In Deutschland muss jetzt das Bundesverfassungsgericht
entscheiden, ob die aktuelle Euro-Rettungspolitik fortgeführt werden
kann oder aus verfassungsrechtlichen Bedenken gestoppt werden muss.
Es geht darum, in einer Zeit krisenhafter Veränderungen die
demokratischen Kernbestandteile des Grundgesetzes zu wahren und
darauf zu achten, dass die Parlamentsrechte nicht verletzt werden.

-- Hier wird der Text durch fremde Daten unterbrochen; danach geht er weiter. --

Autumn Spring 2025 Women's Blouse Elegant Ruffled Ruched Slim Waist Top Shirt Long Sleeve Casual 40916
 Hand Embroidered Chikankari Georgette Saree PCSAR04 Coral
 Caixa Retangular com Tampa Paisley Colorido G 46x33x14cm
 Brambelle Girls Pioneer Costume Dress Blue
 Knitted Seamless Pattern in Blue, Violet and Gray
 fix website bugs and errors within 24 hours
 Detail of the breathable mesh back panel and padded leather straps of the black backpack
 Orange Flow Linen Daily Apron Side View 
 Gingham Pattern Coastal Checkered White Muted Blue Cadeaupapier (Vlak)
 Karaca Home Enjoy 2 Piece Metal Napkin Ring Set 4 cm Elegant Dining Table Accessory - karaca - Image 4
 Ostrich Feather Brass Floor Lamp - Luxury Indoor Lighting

Demgegenüber scheint Bundesfinanzminister Wolfgang Schäuble der
Meinung zu sein, dass die Richter bei ihrer Entscheidung angesichts
der Finanzmarktfolgen nicht so genau hinschauen und die Gesetze
durchwinken sollten. Schon im Falle einer Verzögerung drohten
Marktverwerfungen, die das ganze Euro-Projekt zerstören könnten,
warnte er eindringlich.
Aber sind die demokratischen Verfassungsrechte nicht höher zu
bewerten als etwaige Spreadausweitungen? Ist es denn überhaupt
dienlich für Europa, wenn ESM und Fiskalpakt im Eilverfahren
durchgehen, die Bevölkerung dann aber dagegen aufbegehrt, weil sie
sich ihrer Rechte beraubt sieht und der Folgen erst später bewusst
wird? Weitere Integrationsschritte wären dann unmöglich, was auch auf
den Märkten nicht gut ankäme.
Letztlich kommt es ja nicht auf ein paar Wochen an. Und deshalb
ist es weise, wenn die Richter nun andeuten, sich angesichts der
internationalen Tragweite ihrer Entscheidung länger Zeit nehmen zu
wollen. Dann könnten sie auch verfassungsrechtliche Leitplanken
formulieren für das weitere Zusammenwachsen Europas. Das würde den
Märkten die Unsicherheit über einen möglichen deutschen Sonderweg
nehmen und könnte sie sogar nachhaltig beruhigen.